Soll die EU in den Medaillenspiegel?
Österreichische Diplomaten machen unkonventionelle Vorschläge dafür, wie man „Europa lieben lernen“kann.
Wie ist Europa zu retten? Diese Frage treibt eine Gruppe von heimischen Diplomaten um, die auch noch im Ruhestand für Europa „brennen“. Laut dem Botschafter Michael Breisky droht Europa, wenn es sich nicht am Riemen reiße, ein „trauriger Wurmfortsatz anderer Erdteile“zu werden. Die Zeiten, da der Rest der Welt Europa bewundert oder gefürchtet habe, seien längst vorbei.
Das Hauptproblem sieht Breisky darin, dass sich die Bürger zu wenig mit Europa identifizieren und sich daher auch zu wenig für ihre größere Heimat einsetzen.
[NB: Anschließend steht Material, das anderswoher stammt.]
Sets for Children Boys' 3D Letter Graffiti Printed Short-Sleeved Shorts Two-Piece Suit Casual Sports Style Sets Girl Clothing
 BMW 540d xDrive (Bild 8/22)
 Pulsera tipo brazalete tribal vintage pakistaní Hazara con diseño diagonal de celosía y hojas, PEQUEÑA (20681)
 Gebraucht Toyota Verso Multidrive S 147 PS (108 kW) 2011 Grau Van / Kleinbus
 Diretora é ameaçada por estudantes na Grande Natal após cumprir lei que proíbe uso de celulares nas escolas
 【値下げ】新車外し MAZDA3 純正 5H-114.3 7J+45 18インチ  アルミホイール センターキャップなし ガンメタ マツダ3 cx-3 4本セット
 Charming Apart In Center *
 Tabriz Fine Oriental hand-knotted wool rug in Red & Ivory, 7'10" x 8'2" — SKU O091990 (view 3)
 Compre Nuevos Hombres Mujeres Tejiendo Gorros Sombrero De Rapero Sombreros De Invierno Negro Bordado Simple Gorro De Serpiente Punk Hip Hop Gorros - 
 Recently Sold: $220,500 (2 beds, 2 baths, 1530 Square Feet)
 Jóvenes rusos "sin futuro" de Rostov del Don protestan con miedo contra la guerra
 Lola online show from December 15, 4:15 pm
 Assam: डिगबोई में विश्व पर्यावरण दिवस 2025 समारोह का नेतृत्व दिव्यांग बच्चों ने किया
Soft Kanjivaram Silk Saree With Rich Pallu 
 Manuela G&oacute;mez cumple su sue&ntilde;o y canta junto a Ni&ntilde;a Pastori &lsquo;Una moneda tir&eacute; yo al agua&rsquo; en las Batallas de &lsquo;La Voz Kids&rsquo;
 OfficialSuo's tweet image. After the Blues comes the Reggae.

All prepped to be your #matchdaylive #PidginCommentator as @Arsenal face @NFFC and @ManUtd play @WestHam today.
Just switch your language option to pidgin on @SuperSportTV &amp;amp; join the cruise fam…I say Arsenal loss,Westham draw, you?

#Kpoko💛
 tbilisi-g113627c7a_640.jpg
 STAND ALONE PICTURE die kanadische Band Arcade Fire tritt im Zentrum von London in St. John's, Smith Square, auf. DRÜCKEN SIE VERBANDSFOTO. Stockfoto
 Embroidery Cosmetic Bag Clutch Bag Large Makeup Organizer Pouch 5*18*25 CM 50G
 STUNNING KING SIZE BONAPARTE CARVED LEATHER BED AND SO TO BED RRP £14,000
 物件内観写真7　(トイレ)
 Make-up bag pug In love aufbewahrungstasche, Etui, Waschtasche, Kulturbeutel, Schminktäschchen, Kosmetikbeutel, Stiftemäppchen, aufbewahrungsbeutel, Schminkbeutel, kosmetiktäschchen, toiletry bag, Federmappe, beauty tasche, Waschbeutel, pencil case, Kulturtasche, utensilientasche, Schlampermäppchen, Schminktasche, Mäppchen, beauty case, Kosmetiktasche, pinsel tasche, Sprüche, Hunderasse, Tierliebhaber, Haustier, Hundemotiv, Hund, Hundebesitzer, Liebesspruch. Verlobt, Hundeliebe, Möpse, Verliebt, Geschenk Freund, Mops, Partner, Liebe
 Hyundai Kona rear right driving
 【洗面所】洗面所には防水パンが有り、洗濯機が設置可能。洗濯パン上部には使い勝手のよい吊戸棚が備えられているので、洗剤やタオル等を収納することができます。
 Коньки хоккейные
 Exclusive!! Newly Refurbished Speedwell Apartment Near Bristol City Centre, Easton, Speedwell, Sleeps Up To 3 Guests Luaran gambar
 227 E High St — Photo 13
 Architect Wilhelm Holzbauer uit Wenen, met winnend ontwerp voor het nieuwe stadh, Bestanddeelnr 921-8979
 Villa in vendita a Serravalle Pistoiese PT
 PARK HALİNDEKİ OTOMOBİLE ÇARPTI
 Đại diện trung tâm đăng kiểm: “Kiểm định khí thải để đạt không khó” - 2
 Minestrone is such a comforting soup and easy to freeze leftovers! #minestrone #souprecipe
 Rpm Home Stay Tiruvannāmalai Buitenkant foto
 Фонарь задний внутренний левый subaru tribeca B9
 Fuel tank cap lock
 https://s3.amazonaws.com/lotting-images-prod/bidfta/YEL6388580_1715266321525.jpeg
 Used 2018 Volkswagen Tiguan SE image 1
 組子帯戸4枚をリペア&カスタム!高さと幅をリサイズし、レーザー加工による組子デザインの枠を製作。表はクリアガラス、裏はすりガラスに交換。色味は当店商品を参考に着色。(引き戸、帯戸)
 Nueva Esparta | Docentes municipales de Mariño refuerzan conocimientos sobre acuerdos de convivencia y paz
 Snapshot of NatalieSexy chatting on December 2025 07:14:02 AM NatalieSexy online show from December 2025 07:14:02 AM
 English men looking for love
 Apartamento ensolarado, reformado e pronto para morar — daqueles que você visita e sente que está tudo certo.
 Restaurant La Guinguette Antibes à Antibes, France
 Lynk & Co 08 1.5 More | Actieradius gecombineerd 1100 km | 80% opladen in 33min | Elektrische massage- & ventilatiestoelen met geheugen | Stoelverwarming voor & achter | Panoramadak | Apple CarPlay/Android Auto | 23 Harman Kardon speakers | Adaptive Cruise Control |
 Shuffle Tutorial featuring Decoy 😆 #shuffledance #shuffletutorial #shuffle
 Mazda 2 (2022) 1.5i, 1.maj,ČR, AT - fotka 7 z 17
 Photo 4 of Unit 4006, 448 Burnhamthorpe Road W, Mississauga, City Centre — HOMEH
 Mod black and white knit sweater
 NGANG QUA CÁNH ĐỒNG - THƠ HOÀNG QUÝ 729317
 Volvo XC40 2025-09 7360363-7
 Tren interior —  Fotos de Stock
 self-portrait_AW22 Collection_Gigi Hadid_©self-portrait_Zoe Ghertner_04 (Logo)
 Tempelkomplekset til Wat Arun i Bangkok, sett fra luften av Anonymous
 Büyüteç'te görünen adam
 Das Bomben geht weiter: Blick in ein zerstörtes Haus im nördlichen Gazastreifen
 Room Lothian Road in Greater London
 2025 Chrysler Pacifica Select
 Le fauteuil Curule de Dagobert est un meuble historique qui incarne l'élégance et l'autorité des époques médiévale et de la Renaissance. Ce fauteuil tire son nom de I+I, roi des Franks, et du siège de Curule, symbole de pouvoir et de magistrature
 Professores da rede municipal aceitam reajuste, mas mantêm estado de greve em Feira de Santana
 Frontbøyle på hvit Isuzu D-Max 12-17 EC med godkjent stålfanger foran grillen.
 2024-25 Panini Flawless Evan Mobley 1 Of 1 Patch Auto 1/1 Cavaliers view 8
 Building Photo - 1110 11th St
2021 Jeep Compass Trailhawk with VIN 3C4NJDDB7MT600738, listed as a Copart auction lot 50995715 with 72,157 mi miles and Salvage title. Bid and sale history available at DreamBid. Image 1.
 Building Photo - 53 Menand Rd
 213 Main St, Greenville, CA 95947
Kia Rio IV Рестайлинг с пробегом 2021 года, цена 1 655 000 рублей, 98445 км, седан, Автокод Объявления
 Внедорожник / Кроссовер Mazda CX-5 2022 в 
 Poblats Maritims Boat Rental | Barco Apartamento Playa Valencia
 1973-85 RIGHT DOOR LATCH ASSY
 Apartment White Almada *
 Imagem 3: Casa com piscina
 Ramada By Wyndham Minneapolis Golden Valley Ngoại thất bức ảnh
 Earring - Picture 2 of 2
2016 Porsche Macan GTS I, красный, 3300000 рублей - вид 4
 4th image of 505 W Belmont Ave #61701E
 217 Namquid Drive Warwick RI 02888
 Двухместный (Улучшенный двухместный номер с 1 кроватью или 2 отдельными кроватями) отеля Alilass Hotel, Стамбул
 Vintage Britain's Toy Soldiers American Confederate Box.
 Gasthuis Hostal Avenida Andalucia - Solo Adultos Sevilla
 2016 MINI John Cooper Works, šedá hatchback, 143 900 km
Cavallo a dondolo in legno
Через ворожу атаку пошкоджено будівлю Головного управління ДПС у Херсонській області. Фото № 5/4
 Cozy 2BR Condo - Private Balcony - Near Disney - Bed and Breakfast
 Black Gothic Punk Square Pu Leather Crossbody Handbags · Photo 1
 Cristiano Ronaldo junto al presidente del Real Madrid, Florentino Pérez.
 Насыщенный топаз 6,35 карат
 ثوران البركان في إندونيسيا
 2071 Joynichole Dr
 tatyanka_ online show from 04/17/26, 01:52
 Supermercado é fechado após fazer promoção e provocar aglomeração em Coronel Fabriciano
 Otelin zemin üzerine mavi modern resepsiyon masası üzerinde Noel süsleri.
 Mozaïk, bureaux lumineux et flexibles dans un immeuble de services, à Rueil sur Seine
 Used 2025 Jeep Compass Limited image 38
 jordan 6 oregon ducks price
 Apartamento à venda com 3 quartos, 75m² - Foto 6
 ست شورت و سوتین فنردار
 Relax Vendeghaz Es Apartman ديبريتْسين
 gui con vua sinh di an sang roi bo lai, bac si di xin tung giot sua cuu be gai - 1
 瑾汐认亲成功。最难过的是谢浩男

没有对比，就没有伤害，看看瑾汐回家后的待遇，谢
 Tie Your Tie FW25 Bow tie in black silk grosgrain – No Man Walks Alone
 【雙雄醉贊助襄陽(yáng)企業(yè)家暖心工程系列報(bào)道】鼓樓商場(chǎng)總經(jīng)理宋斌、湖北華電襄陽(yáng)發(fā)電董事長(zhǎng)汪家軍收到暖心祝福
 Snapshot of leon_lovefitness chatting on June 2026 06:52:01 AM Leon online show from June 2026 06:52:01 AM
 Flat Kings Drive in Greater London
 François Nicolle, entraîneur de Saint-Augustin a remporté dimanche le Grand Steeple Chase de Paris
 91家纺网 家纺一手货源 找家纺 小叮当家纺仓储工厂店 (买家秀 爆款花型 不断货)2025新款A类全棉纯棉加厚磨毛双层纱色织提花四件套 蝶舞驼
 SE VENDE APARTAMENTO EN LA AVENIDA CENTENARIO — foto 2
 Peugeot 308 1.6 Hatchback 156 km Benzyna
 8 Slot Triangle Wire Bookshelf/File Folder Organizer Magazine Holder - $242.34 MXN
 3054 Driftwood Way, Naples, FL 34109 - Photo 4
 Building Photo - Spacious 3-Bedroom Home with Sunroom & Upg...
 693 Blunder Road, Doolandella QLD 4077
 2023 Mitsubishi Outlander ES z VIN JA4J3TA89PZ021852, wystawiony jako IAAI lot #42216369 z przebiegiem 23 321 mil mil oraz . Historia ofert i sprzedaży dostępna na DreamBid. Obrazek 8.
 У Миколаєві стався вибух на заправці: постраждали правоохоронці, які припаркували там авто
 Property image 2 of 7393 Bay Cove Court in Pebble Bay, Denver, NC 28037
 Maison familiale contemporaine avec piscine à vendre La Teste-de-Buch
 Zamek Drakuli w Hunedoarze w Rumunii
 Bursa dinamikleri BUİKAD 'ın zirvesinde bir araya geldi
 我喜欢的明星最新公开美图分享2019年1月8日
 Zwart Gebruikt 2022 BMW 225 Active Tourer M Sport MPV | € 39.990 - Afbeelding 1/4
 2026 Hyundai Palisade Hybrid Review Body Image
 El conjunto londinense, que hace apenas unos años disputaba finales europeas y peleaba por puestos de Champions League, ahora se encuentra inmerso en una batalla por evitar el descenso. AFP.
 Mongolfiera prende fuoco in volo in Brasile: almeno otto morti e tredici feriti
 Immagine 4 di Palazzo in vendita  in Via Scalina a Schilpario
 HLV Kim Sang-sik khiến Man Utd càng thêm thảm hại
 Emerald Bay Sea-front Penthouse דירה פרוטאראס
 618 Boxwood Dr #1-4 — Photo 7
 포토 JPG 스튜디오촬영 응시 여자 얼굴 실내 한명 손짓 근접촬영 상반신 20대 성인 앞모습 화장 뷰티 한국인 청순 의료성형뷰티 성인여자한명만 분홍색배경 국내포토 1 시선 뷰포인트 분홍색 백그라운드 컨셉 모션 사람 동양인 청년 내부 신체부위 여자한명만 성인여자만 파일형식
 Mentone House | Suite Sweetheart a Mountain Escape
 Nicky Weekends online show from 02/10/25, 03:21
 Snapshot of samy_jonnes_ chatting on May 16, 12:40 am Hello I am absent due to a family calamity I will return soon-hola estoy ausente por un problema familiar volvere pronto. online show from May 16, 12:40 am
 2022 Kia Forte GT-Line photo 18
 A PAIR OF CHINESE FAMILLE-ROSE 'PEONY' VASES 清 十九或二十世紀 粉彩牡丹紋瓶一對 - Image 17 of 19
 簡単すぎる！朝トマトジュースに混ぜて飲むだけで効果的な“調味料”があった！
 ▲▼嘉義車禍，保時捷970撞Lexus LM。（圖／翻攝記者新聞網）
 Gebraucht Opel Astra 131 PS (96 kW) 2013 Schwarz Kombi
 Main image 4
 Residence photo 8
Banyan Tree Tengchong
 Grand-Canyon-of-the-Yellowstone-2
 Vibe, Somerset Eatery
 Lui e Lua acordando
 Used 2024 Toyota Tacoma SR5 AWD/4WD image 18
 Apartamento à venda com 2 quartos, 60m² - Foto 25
Die EU habe es nicht geschafft, ein europäisches Selbstbewusstsein aufzubauen, das auch nur annähernd mit dem Nationalbewusstsein der Mitgliedsstaaten
vergleichbar sei, bemerkt der Diplomat. Deshalb könne die EU, die als gesichtslose und unüberschaubare Bürokratie wahrgenommen werde, nicht mit Solidarität und Handlungsbeiträgen ihrer Bürger rechnen.
Um das zu ändern, arbeiten Breisky und seine Kollegen derzeit an einem Buch, in dem sie Wege aufzeigen wollen, wie man „Europa lieben lernen“könnte. Mit rechtlichen Werten allein sei das nicht zu schaffen. Daher machen sie zwölf praktische Vorschläge.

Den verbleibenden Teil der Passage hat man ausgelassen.